Crescono le prove sulla relazione fra Covid-19 e gruppo sanguigno

Il primo studio, condotto in Danimarca, ha rilevato che su 7.422 persone risultate positive al test per il Covid-19, soltanto il 38,4% apparteneva al gruppo sanguigno O, sebbene su un gruppo di 2,2 milioni di persone non sottoposte al test, quel gruppo sanguigno rappresentasse il 41,7% della popolazione. Al contrario, il 44,4% del gruppo A è risultato positivo; il medesimo gruppo sanguigno rappresenta il 42,4% dell’intera popolazione danese.

Il secondo studio, realizzato in Canada, i ricercatori hanno scoperto che su 95 pazienti affetti da una forma severa di Covid-19, una maggiore percentuale di persone appartenenti al gruppo sanguigno A o AB – l’84% – richiedeva una ventilazione meccanica rispetto ai pazienti con gruppo sanguigno O o B, pari al 61% della popolazione.

Inoltre, quest’ultimo studio mostra che le persone con gruppo sanguigno A o AB hanno dovuto subire una permanenza più lunga in terapia intensiva, in media 13,5 giorni, rispetto a quelle con gruppo sanguigno O o B, costrette a una degenza media di nove giorni.

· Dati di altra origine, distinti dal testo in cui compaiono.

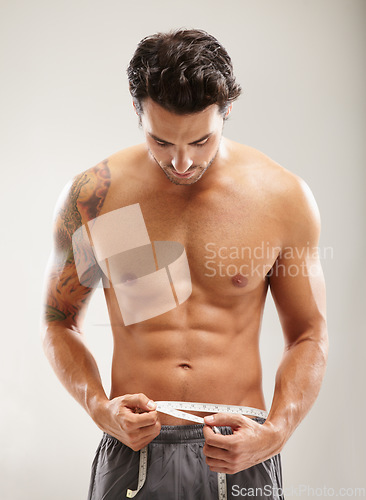 Image of Abs, healthy or man with tape measure for fitness after body workout isolated on white background. Male model, six pack goal or sexy athlete after stomach muscle exercise or training to lose weight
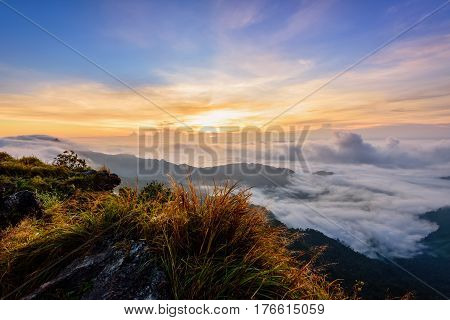 Beautiful landscape nature sunrise on peak mountain with sun cloud fog and bright colors of sky in winter at Phu Chi Fa Forest Park is a famous tourist attraction of Chiang Rai Province Thailand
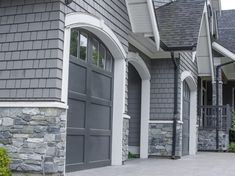 a gray house with two large garage doors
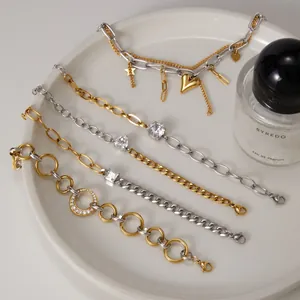 Détail de divers bracelets en acier inoxydable bicolore or et argent avec zircons.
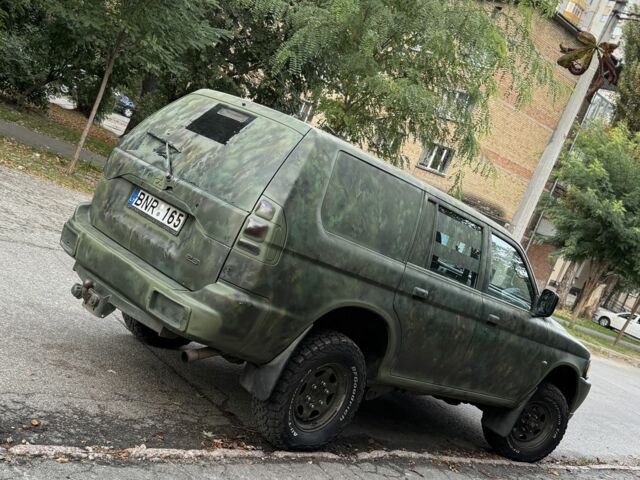 Зеленый Мицубиси Паджеро Спорт, объемом двигателя 2.5 л и пробегом 300 тыс. км за 4999 $, фото 4 на Automoto.ua
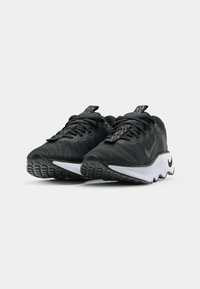 Black athletic shoes with a textured mesh upper, white midsole, and black tread pattern, featuring a prominent Nike logo on the side.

Il dottor Mypinder Sekhon, medico di terapia intensiva del Vancouver General Hospital e fra gli autori dello studio canadese, afferma che per avere la completa certezza occorre che gli stessi risultati si ritrovino in più ricerche condotte da differenti istituti in diverse regioni. Inoltre, egli sostiene che questa scoperta non annulli altri fattori di rischio, quali età, comorbilità e così via. Tuttavia, il dottor Sekhon tende a voler rassicurare i pazienti, seppur continuando a raccomandare la massima prudenza.